Ее боль и моя вина были слишком велики, чтобы справиться с ними. Я переехал в свою студию на Лос-Молинос. Нина жила в Лондоне, все еще с Фредериком, все еще несчастная, хлопотливо обставляя новую квартиру в Челси. Мы писали друг другу, но она была слишком занята, чтобы прилететь, и инстинктивно я чувствовал, что будет ошибкой ехать к ней. Мы все плыли по течению, и каким-то образом я понимал, что метаться от одной женщины к другой будет очень глупо. Нина, будучи в таком же смятении, тоже это знала.

Эдит на месяц уехала с острова, а когда она вернулась, я встретил ее в аэропорту и сказал:

– Я люблю тебя.
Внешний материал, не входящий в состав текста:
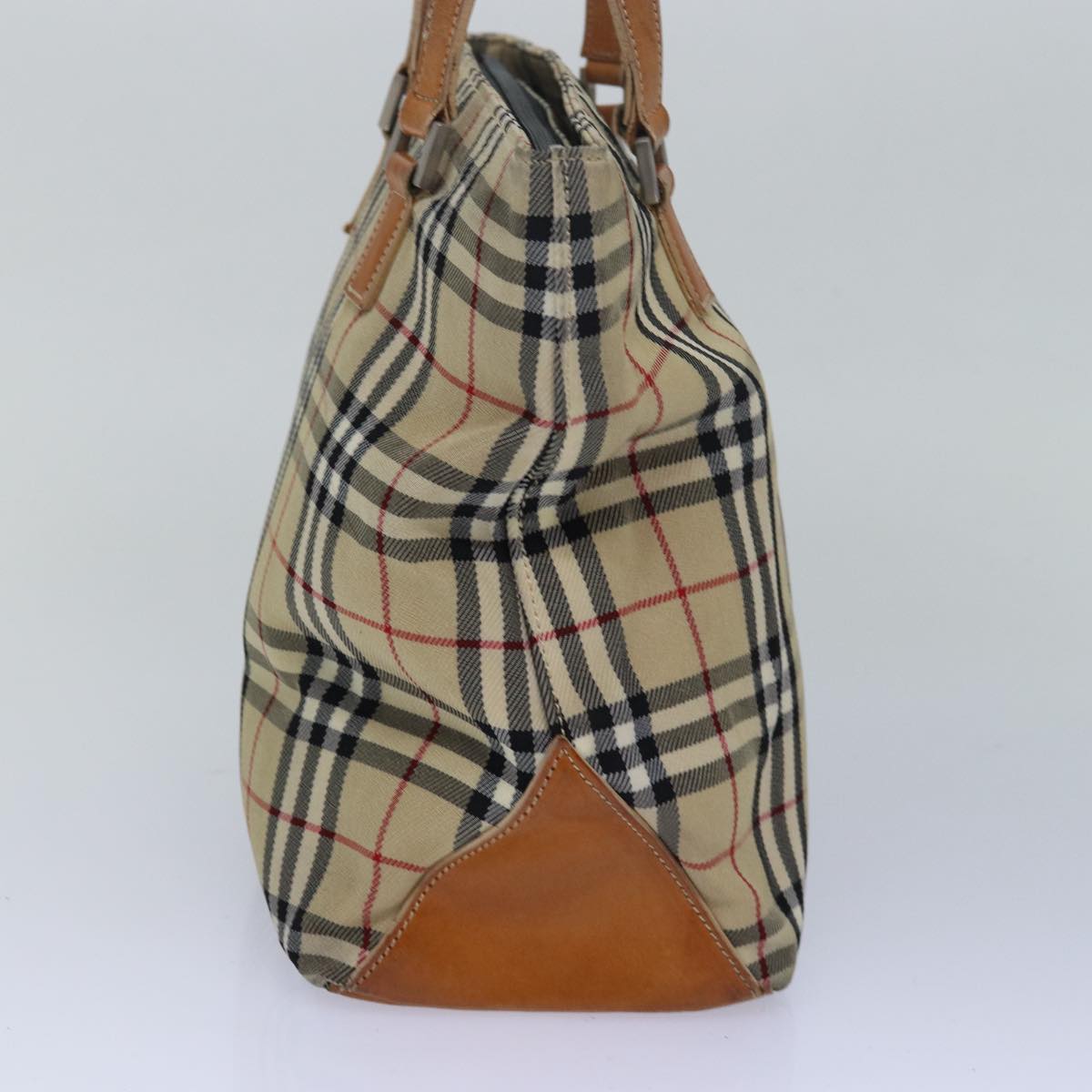 Luxury Burberry Nova Check Handbag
Если ты чувствуешь то же самое, то прости меня и давай попробуем начать все заново.

Раны, которые мы нанесли друг другу, затягивались медленно. Эдит страдала в неуверенности, а я был в смятении. Весь май мы слушали радио и читали газеты, и в конце месяца арабские угрозы Израилю достигли своего пика. Я поговорил с несколькими еврейскими друзьями на острове. Мы решили пойти на войну добровольцами. Мы могли водить автобус в Тель-Авиве, быть на подхвате. Со стороны все выглядело наивно и идеалистично, но чувства наши были подлинными; правда, инерция восторжествовала и мы не сделали ничего. 2 июня 1967 года на ночном пароме я уехал с Ибицы в Аликанте, направляясь на Гибралтар, где мне нужно было поменять номерные знаки на своем старом "пежо-универсале". На следующий день в газетах Гренады сообщили, что израильские танки вторглись в Синайскую пустыню. В испанской прессе писали только о египетских победах. Я позвонил в парижское посольство Израиля, и там мне сказали, что в ближайшее время рейсов на Тель-Авив не предвидится. Я вернулся на Гибралтар, а затем доехал до Малаги, прежде чем решился. Полетел в Париж и там принялся ждать. Через два дня после того, как война была официально прекращена, полеты возобновились. Я купил билет на единственное оставшееся место рейса "Эйр Франс" и протелеграфировал Эдит: "ЛЕЧУ В ИЗРАИЛЬ СВЯЖИСЬ СО МНОЙ ТЧК ОТЕЛЬ ЦАРЬ ДАВИД ИЕРУСАЛИМ ВЕРЬ МНЕ ЛЮБЛЮ ТЕБЯ КЛИФФ".

В Иерусалиме мне удалось достать удостоверение журналиста. Когда я садился в самолет, то не понимал, почему лечу в Израиль, если только не принимать во внимание примитивный приступ солидарности и неистовое желание просто оказаться там. Но как только я взобрался на Голанские высоты и поговорил там с солдатами, я понял, что есть только одна вещь, которую мне надо сделать: написать книгу. Возвращаясь из Иерихона в отель "Царь Давид", я решил проверить почту. Портье передал мне телеграмму. Я прочитал: "ЛЕЧУ В ИЗРАИЛЬ РЕЙС ИЗ ИТАЛИИ ПРИЛЕТАЮ ЧЕТВЕРГ ВЕРЬ МНЕ ТОЖЕ ТЕБЯ ЛЮБЛЮ ЭДИТ".